Beyond demonstrating the enormous power of the arms industry in the US, or the ultra-reactionary character of the Republican right, these crimes and the government’s response to them underline the increasingly chaotic dynamics of US politics, showing that the conditions remain ripe for new crises such as that of January 6 2021, when hordes of the ultra-right attacked the Capitol in response to Trump’s call to not recognize the result of the elections.

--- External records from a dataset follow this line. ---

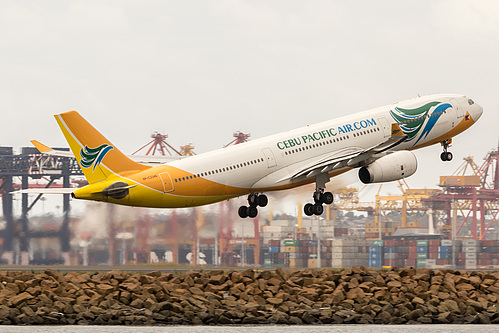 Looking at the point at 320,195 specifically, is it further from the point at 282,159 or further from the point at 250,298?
the point at 250,298

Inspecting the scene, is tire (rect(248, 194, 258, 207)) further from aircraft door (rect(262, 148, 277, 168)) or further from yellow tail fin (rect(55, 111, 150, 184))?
yellow tail fin (rect(55, 111, 150, 184))

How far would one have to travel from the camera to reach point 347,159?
167 feet

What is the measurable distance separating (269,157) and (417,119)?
11568 mm

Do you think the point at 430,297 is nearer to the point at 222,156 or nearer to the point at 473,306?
the point at 473,306

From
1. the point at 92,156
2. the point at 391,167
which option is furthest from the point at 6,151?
the point at 92,156

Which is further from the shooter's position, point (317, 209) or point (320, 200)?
point (317, 209)

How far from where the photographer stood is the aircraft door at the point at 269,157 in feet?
160

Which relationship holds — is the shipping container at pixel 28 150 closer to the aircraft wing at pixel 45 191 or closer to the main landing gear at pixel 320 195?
the main landing gear at pixel 320 195

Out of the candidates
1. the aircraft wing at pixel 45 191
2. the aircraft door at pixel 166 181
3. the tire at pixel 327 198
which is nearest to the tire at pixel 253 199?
the tire at pixel 327 198

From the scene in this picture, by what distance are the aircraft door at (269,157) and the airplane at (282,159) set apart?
0.06 metres

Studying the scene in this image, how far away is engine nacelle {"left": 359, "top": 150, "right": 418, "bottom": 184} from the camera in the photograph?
51.2m

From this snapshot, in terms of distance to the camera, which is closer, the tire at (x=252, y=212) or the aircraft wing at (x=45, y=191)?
the aircraft wing at (x=45, y=191)

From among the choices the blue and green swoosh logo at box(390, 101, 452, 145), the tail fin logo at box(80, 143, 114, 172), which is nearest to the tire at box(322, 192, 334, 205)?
the blue and green swoosh logo at box(390, 101, 452, 145)

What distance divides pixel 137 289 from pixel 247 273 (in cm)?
497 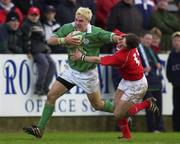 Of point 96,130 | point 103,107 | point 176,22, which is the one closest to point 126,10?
point 176,22

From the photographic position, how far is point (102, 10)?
22.0 m

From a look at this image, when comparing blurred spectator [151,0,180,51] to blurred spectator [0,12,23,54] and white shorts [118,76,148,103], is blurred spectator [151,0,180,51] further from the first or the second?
white shorts [118,76,148,103]

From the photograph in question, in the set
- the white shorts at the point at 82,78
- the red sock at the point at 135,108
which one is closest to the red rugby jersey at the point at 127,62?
the red sock at the point at 135,108

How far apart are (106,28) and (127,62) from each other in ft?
18.7

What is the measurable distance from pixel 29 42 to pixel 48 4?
1754 millimetres

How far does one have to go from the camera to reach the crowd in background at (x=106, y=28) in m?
20.2

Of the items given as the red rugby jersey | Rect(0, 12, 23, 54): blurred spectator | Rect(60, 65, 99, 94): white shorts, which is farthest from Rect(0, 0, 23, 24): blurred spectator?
the red rugby jersey

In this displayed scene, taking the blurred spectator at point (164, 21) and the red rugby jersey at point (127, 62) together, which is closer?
the red rugby jersey at point (127, 62)

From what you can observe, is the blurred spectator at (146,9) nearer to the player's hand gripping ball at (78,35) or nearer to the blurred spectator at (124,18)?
the blurred spectator at (124,18)

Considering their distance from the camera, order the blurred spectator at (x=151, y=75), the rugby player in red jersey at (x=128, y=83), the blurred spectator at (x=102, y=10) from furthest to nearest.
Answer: the blurred spectator at (x=102, y=10)
the blurred spectator at (x=151, y=75)
the rugby player in red jersey at (x=128, y=83)

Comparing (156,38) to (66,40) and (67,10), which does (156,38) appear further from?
(66,40)

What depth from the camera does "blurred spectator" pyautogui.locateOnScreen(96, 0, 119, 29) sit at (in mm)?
21906

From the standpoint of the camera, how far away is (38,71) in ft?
66.9

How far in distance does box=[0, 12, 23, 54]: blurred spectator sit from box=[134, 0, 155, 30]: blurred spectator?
3.66 meters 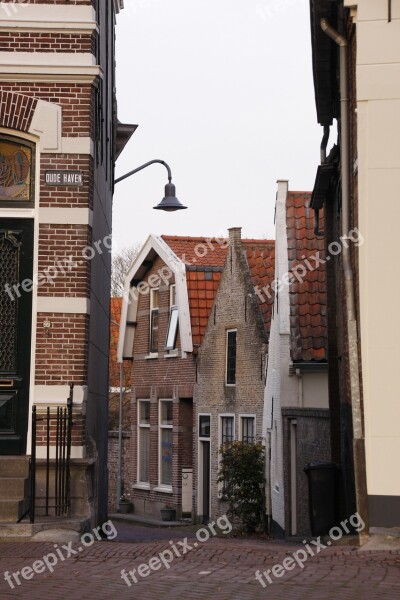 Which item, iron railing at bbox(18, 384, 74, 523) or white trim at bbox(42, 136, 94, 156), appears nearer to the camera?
iron railing at bbox(18, 384, 74, 523)

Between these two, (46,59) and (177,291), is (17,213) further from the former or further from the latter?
(177,291)

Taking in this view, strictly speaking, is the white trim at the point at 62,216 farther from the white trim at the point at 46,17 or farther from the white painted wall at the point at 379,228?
the white painted wall at the point at 379,228

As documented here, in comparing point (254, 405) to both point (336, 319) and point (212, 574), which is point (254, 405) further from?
point (212, 574)

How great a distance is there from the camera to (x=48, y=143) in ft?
42.0

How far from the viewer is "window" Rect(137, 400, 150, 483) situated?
33281 millimetres

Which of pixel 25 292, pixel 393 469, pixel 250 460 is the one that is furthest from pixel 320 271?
pixel 393 469

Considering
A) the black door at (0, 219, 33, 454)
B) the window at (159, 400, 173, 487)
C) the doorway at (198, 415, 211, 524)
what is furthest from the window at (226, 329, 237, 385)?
the black door at (0, 219, 33, 454)

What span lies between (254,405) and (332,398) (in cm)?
867

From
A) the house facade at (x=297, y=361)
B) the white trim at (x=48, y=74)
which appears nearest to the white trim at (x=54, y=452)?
the white trim at (x=48, y=74)

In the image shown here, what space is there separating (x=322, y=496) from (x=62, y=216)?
207 inches

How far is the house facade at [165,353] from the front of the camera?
30.5m

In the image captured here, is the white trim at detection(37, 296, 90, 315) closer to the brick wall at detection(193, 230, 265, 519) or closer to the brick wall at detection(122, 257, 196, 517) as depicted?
the brick wall at detection(193, 230, 265, 519)

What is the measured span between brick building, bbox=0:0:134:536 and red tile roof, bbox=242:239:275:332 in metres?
14.2

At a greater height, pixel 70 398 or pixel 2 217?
pixel 2 217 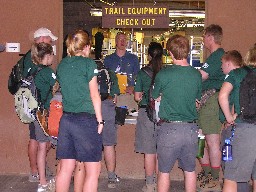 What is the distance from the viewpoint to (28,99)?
6777 millimetres

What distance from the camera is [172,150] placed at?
5.74 meters

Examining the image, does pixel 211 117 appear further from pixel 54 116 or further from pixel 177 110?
pixel 54 116

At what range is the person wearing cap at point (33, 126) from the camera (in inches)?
279

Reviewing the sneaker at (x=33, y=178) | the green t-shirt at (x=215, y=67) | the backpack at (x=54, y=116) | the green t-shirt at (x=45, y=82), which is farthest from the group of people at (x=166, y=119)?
the sneaker at (x=33, y=178)

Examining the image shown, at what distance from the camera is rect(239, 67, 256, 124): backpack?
5.56 metres

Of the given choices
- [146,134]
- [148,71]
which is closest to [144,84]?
[148,71]

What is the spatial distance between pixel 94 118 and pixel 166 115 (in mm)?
736

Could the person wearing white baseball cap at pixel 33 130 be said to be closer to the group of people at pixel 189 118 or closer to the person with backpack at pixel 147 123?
the person with backpack at pixel 147 123

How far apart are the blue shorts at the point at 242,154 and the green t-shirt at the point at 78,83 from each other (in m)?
1.48

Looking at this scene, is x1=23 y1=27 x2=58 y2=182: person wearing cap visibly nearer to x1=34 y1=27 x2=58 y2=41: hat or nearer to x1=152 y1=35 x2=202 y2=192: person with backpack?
x1=34 y1=27 x2=58 y2=41: hat

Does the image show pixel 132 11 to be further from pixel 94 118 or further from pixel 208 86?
pixel 94 118

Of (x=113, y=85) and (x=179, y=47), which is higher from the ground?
(x=179, y=47)

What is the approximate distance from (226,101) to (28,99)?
2419mm

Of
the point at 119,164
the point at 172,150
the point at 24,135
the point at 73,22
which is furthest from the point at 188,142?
the point at 73,22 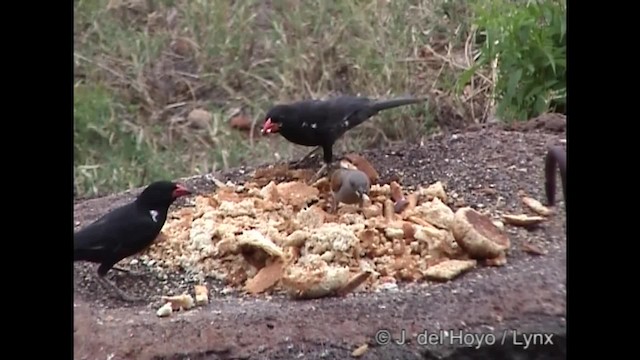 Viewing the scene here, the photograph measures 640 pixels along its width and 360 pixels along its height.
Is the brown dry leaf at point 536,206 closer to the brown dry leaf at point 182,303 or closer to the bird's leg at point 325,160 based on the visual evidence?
the bird's leg at point 325,160

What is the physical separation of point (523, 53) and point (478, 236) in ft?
1.20

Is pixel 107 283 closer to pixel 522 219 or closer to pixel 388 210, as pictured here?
pixel 388 210

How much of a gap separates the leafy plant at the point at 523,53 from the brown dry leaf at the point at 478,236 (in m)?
0.24

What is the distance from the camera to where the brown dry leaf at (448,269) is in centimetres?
203

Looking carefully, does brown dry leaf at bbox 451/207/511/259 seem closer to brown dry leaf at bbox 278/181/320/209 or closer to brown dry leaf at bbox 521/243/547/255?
brown dry leaf at bbox 521/243/547/255

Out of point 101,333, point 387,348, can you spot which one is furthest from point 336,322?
point 101,333

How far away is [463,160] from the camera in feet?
7.19

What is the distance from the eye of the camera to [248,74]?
7.41 feet

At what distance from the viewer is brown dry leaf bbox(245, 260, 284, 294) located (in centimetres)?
205

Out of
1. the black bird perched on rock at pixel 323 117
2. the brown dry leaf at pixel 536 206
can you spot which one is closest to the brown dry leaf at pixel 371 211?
the black bird perched on rock at pixel 323 117

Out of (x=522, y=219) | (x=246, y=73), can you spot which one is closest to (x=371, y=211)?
(x=522, y=219)

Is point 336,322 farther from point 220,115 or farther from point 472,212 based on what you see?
point 220,115

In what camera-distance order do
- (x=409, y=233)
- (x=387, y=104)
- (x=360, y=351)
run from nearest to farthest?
1. (x=360, y=351)
2. (x=409, y=233)
3. (x=387, y=104)

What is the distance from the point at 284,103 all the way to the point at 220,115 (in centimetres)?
13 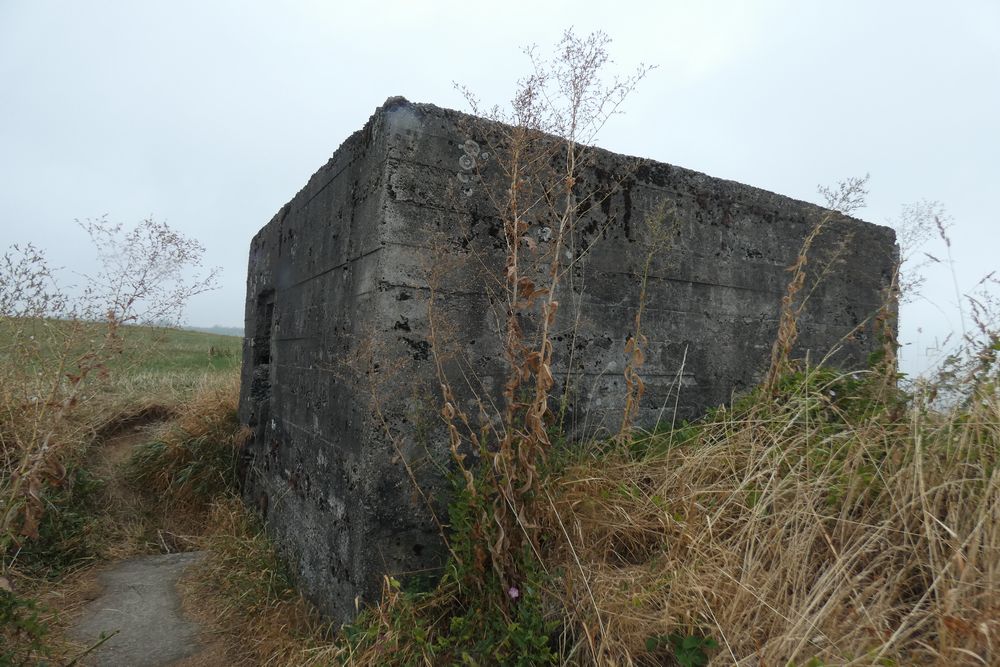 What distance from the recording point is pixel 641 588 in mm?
2035

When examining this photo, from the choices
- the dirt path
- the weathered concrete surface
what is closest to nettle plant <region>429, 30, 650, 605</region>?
the weathered concrete surface

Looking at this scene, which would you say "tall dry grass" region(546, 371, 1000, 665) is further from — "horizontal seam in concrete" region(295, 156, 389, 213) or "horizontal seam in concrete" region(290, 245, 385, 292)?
"horizontal seam in concrete" region(295, 156, 389, 213)

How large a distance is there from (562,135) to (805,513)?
1671 mm

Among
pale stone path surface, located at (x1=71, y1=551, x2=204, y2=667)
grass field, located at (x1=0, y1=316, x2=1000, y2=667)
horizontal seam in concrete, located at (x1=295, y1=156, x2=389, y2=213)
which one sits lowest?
pale stone path surface, located at (x1=71, y1=551, x2=204, y2=667)

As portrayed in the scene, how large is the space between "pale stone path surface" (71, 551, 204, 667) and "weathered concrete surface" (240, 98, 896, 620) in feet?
2.07

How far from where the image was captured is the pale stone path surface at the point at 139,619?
9.91 feet

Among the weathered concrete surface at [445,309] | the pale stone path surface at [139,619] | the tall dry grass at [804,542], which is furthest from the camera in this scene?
the pale stone path surface at [139,619]

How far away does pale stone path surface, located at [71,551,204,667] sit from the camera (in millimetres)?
3021

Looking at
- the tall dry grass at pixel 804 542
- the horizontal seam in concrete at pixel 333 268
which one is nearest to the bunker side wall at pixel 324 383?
the horizontal seam in concrete at pixel 333 268

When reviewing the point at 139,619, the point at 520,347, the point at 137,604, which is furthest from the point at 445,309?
the point at 137,604

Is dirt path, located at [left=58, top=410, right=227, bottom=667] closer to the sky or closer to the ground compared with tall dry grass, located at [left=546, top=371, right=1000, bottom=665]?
closer to the ground

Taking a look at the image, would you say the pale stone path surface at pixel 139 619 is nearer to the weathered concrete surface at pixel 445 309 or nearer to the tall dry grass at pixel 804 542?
the weathered concrete surface at pixel 445 309

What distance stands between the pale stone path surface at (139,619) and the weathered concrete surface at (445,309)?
0.63 metres

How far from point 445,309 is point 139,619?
2443 millimetres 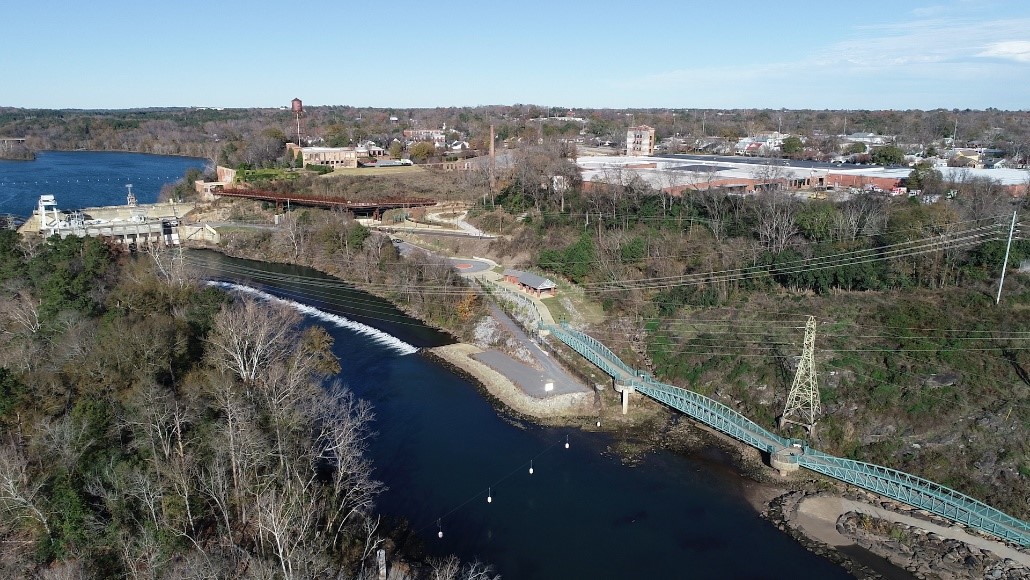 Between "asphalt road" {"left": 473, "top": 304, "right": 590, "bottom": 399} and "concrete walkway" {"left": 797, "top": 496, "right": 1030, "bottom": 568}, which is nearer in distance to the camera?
"concrete walkway" {"left": 797, "top": 496, "right": 1030, "bottom": 568}

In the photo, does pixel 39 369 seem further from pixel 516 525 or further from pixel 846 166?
pixel 846 166

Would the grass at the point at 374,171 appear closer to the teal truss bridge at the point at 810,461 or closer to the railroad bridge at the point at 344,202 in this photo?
the railroad bridge at the point at 344,202

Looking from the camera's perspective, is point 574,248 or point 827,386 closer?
point 827,386

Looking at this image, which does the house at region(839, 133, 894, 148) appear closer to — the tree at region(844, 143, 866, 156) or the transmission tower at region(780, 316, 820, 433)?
the tree at region(844, 143, 866, 156)

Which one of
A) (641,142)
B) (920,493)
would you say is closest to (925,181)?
(920,493)

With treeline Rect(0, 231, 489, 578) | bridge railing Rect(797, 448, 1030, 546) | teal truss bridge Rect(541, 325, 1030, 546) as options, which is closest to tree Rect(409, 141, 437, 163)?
teal truss bridge Rect(541, 325, 1030, 546)

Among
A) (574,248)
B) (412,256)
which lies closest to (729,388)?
(574,248) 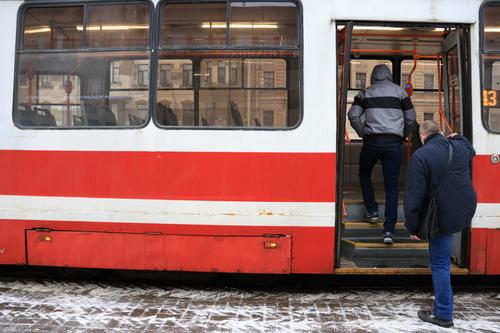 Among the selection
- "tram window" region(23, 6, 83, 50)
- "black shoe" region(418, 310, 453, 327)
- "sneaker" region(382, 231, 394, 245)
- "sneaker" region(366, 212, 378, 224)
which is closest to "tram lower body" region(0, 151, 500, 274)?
"sneaker" region(382, 231, 394, 245)

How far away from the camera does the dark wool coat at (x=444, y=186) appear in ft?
13.5

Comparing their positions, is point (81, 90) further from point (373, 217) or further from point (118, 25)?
point (373, 217)

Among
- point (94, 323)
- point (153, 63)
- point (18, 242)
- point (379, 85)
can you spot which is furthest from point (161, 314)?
point (379, 85)

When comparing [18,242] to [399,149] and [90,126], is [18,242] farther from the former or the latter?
[399,149]

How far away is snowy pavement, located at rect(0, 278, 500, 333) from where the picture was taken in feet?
14.3

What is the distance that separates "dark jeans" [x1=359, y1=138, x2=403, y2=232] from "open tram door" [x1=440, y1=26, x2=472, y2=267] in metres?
0.63

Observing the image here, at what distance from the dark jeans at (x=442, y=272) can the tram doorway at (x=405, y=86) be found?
2.17 feet

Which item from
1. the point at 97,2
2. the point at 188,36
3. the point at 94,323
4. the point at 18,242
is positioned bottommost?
the point at 94,323

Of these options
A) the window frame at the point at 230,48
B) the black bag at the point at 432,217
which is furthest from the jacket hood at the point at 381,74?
the black bag at the point at 432,217

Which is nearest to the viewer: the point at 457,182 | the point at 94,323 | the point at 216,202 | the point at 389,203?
the point at 457,182

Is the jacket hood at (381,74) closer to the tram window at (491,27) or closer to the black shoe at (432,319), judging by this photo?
the tram window at (491,27)

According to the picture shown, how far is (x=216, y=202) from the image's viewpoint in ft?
16.2

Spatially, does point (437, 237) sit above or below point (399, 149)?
below

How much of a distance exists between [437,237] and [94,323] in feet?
10.00
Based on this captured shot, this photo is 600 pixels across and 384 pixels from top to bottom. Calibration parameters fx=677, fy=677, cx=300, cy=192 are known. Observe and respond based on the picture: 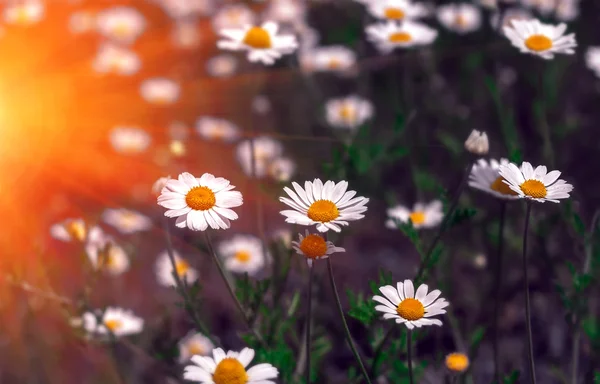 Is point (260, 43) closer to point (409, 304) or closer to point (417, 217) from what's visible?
point (417, 217)

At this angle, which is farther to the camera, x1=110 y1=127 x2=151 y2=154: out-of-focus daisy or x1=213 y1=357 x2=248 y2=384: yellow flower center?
x1=110 y1=127 x2=151 y2=154: out-of-focus daisy

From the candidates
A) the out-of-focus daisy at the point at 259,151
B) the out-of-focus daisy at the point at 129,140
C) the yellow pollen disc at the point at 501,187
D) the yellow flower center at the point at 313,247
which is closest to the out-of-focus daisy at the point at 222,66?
the out-of-focus daisy at the point at 129,140

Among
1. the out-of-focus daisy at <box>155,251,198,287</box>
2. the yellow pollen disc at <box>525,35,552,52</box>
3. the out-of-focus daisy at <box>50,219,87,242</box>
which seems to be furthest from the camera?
the out-of-focus daisy at <box>155,251,198,287</box>

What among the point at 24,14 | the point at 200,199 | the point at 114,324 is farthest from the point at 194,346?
the point at 24,14

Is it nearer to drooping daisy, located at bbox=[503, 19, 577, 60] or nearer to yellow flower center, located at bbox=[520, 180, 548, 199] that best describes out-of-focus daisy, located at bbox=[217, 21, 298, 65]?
drooping daisy, located at bbox=[503, 19, 577, 60]

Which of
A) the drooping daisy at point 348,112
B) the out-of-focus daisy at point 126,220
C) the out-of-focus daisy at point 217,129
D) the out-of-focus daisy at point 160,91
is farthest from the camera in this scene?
the out-of-focus daisy at point 160,91

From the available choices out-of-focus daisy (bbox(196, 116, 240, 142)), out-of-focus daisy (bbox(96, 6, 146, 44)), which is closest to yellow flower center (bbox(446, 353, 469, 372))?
out-of-focus daisy (bbox(196, 116, 240, 142))

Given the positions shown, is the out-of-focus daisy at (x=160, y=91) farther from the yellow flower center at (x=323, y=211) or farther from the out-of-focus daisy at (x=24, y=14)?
the yellow flower center at (x=323, y=211) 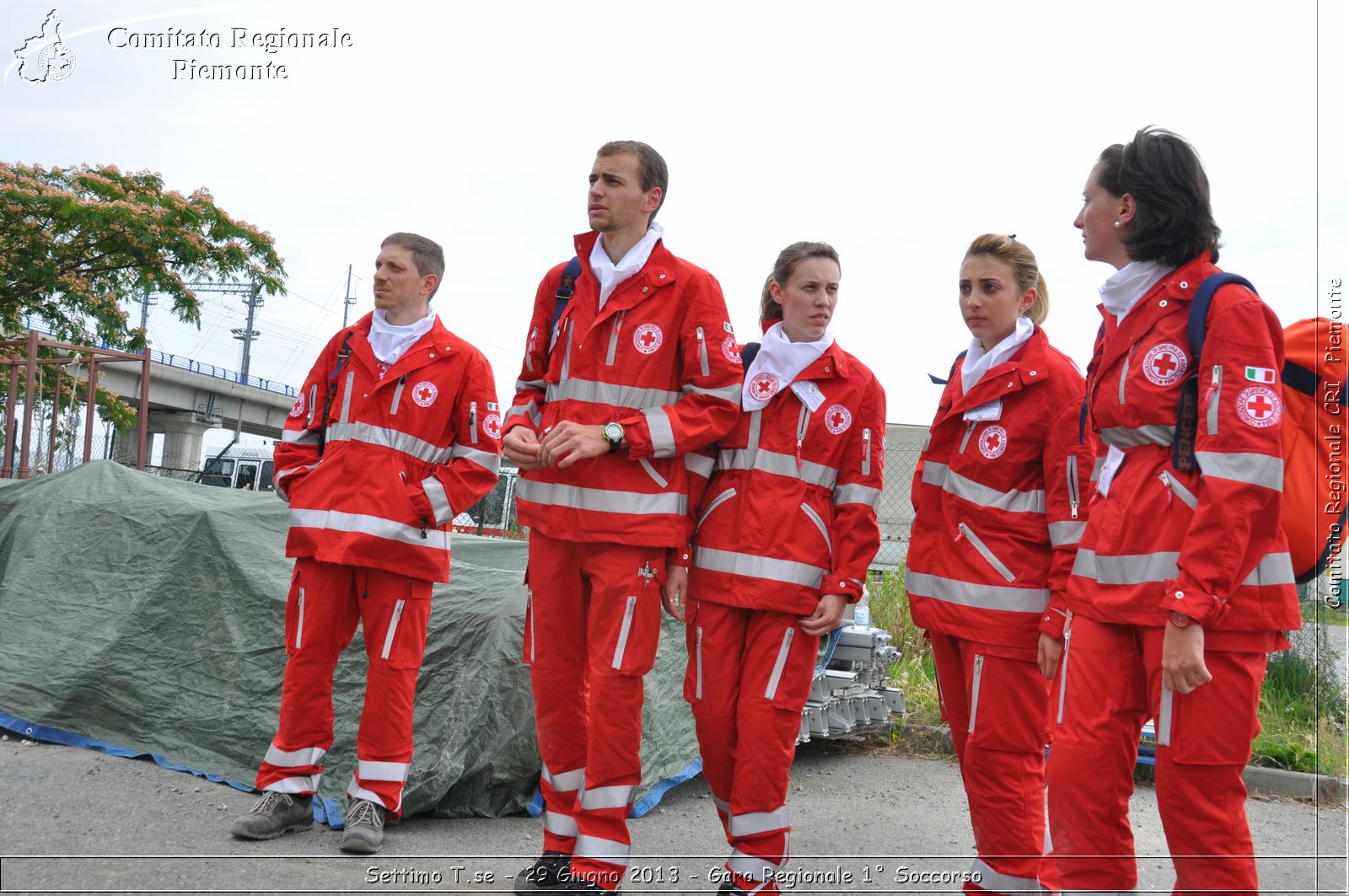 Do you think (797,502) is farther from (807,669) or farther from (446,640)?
(446,640)

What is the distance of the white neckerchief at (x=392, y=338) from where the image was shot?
4570 millimetres


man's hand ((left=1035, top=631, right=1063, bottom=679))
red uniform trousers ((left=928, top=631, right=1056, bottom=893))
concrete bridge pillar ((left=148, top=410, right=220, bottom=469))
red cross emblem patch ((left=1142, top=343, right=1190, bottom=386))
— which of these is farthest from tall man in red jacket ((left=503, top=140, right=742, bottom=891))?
concrete bridge pillar ((left=148, top=410, right=220, bottom=469))

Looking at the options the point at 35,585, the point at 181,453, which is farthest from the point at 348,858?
the point at 181,453

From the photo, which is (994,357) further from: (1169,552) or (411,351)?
(411,351)

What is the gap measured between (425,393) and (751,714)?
2.04 meters

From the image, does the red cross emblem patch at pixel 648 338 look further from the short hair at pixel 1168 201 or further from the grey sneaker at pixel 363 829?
the grey sneaker at pixel 363 829

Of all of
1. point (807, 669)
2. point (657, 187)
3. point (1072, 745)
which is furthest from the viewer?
point (657, 187)

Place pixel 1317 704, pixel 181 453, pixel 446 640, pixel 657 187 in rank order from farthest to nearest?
pixel 181 453
pixel 1317 704
pixel 446 640
pixel 657 187

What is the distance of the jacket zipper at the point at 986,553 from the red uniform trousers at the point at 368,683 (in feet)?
7.58

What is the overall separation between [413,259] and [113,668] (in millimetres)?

The reactionary cult of firearms

With an annual homicide rate of 5.4 per 100 thousand inhabitants in 2019, the US is well below the worst countries with the worst rates, El Salvador (48.7) and Venezuela (39). However, this rate is far higher than in other industrialised countries such as Canada (1.5), Australia (1.3), the UK (0.5) and Germany (0.7). The contrast is even greater regarding mass shootings, which are virtually non-existent in other industrialised countries. Despite the rarity of such crimes, in the UK, Australia, Canada and New Zealand, laws restricting access to high-calibre weapons were adopted following mass shootings between 1996 and 2020. In the US, over 2.600 shootings (those with four or more people wounded excluding the attacker) took place between 2013 and 2020, and they continue to rise, the annual rate of mass shootings doubling between 2017 and 2021.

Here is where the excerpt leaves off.